So I did my second all grain brew yesterday. Found another esky slightly smaller but still way too big aprox 40L. Did single infusion temp went from 68c to 66c so I was pretty happy with that. drained to my fermenting vessel like you suggested and Did a batch sparge at ~76c. I probably should've stirred it through for longer but I pretty much drained it after a few minutes. Anyway I got ~68% efficiency so much better than my first attempt! 

So thanks for your help and suggestions. I am pretty happy with this method for now but I will improve on it by fitting some ball valves and maybe trying to get another smaller esky.. I will continue to build up items for a HERMS system though.


----------



## damoninja (20/10/16)

Sounds like it went well! What size did you end up going for? 

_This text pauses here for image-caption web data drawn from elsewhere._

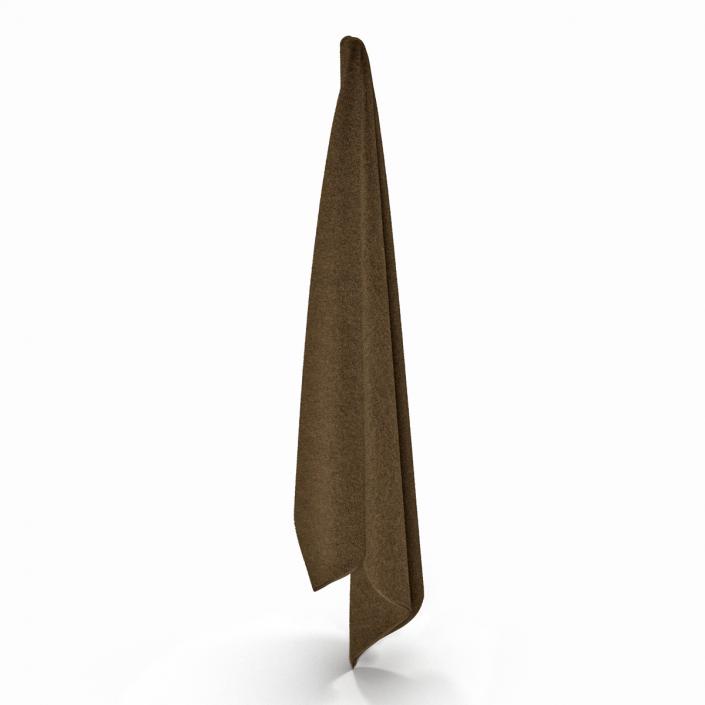 3D Hanging Bathroom Towel Brown model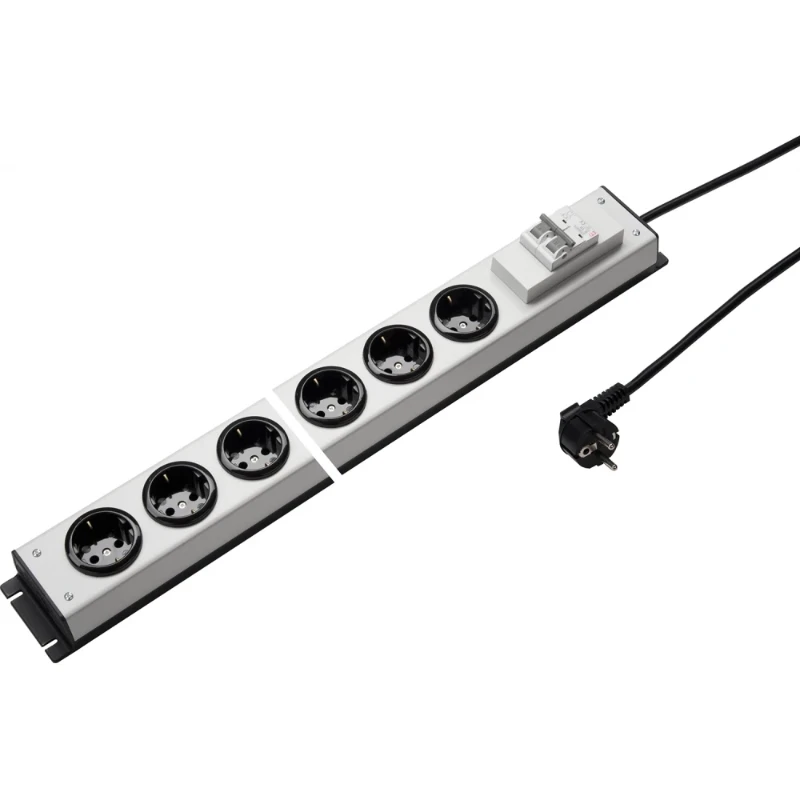 Martin Kaiser Contactdooscombinatie grijs-zwart 8RA 16A IP20 snoer 3m 1036ZL8L-SW3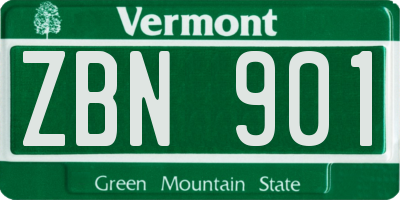 VT license plate ZBN901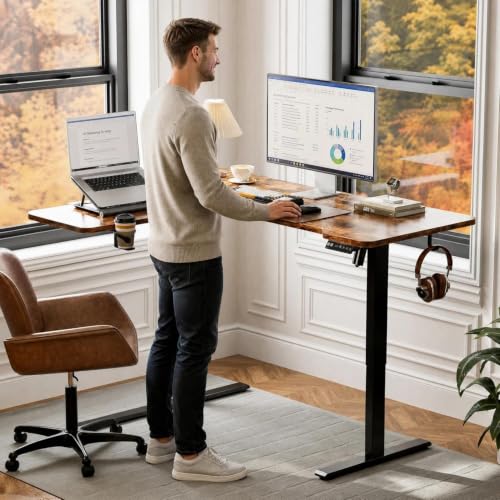 Acrolix L Shaped Electric Standing Desk, 59x40 Inch Reversible, Rustic Brown - color: Rustic Brown, size: 59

Important thing is do what works for you, there's a balance between time/money/fuckabout find what suits you right.


----------



## tom86 (20/10/16)

damoninja said:


> Sounds like it went well! What size did you end up going for?
> 
> Important thing is do what works for you, there's a balance between time/money/fuckabout find what suits you right.


Boiled ~16-17L. 15L went into the fermentor (og 1.055). I topped up to 19L and got an OG of 1.043. So its not going to be that strong but I am pretty happy with that for now. Might add some dextrose and bump it up a little... In future If I want to do stronger brews I will just to smaller batches with no water top up. I am happy with 15L for now. I can brew more often! I get bored of one type of beer pretty quickly anyway. (at the moment I have an extract stout, belgian wheat and just made this english pale ale/ESB)

My topic isn't really about Herms anymore.. Sorry.. Ill pick it back up in time.


----------



## Ollie_44 (16/11/16)

Gday Tom, sound like your on your way. Just a comment re a cheap viable kettle and HLT. I started out with 2x50L converted beer kegs. Release pressure, cut top off, add a
1/2" weldless tap and thermometer and your laughing.. could do for about 50 bucks a piece if you know someone with a busted keg they don't want (check out forum or gumtree).. best advice I got is don't scrimp on boil kettle size cause boil overs are a pain. To boil just sit kegs on some bricks and get yourself a 3 ring cast iron burner with high pressure reg. (very slow but it works)

Ps 40l esky/mash tun fine. My first one was about the same.. need every ounce of that space for high gravity stout especially if your getting low efficiency 


Cheers


----------